De tanto ver, a gente banaliza o olhar. Vê não vendo. Experimente ver pela primeira vez o que você ver todo dia, sem ver. Parece fácil, mas não é. O que nos cerca, o que nos é familiar, já não desperta curiosidade. O campo visual da nossa rotina é como um vazio.
Você sai todo dia, por exemplo, pela mesma porta, se alguém lhe perguntar o que você vê no caminho, você não sabe. De tanto ver, você não vê. Sei de um profissional que passou 32 anos a fio pelo mesmo hall do prédio do seu escritório. Lá estava sempre, pontualíssimo, o mesmo porteiro. Dava-lhe bom dia às vezes lhe passava um recado ou uma correspondência. Um dia o porteiro cometeu a descortesia de falecer.
Como era ele? Sua cara? Sua voz? Como vestia? Não fazia a mínima ideia. Em 32 anos, nunca o viu. Para ser notado, o porteiro teve de morrer. Se um dia seu lugar estivesse uma girafa, cumprindo o rito, pode ser que também ninguém desse por sua ausência. O hábito suja os olhos e lhes baixa a voltagem. Mas não há sempre o que ver. Gente, coisas, bichos. E vemos? Não, não vemos.
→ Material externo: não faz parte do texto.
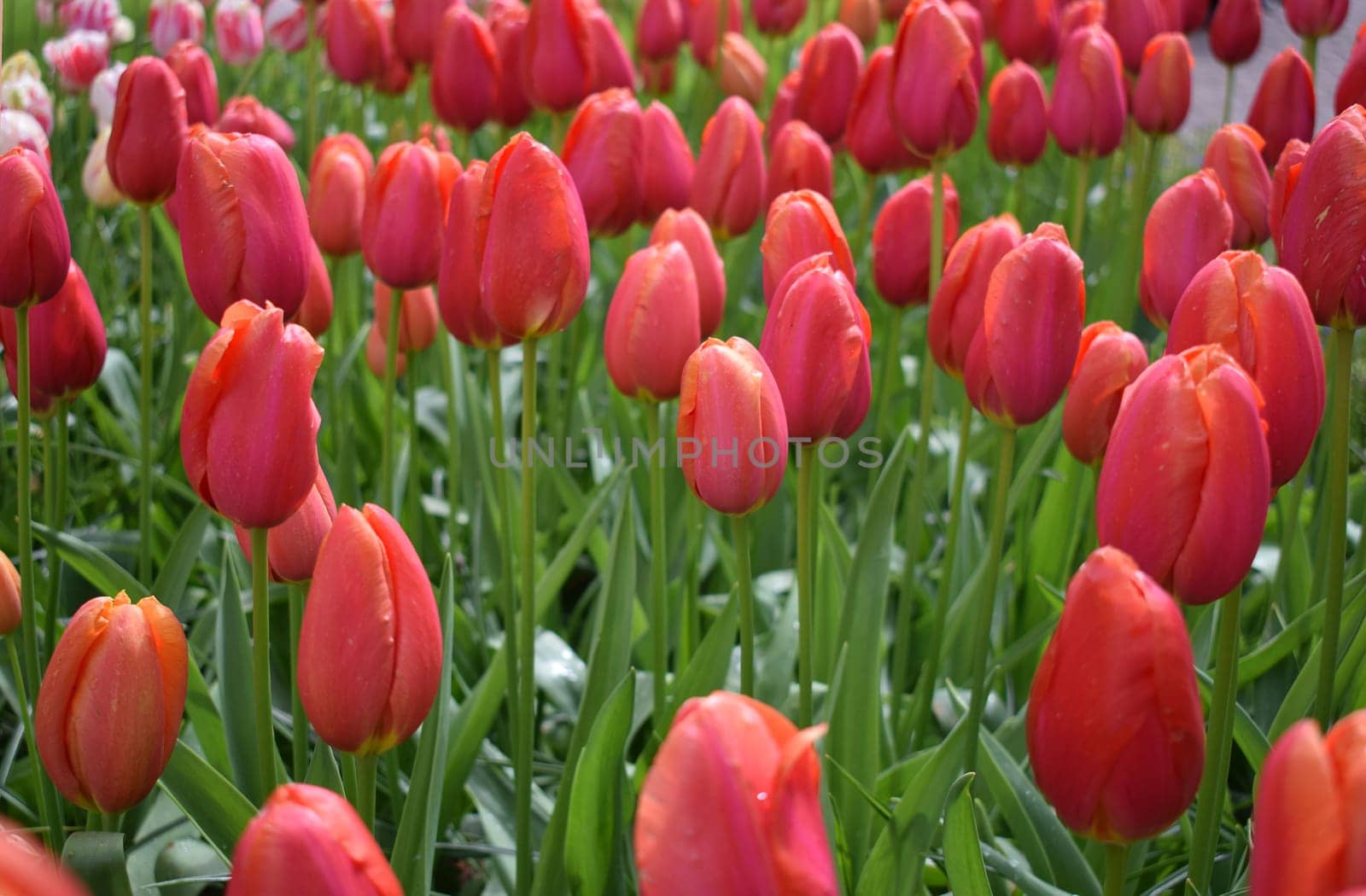 Field with beautiful red tulips by artemisagajda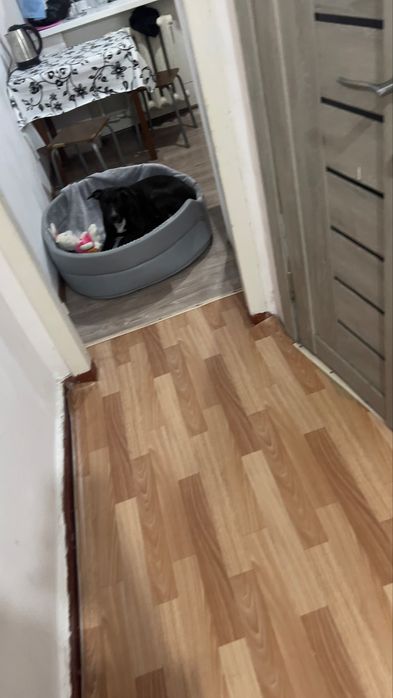 Американский питбуль-терьер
Uma criança vê o que um adulto não vê. Tem olhos atentos e limpos para o espetáculo do mundo. O poeta é capaz de ver pela primeira vez o que, de tão visto, ninguém vê. Há pai que nunca viu o próprio filho. Marido que nunca viu a própria mulher, isso existe às pampas. Nossos olhos se gastam no dia-dia, opacos. É por aí que se instala no coração o monstro da indiferença.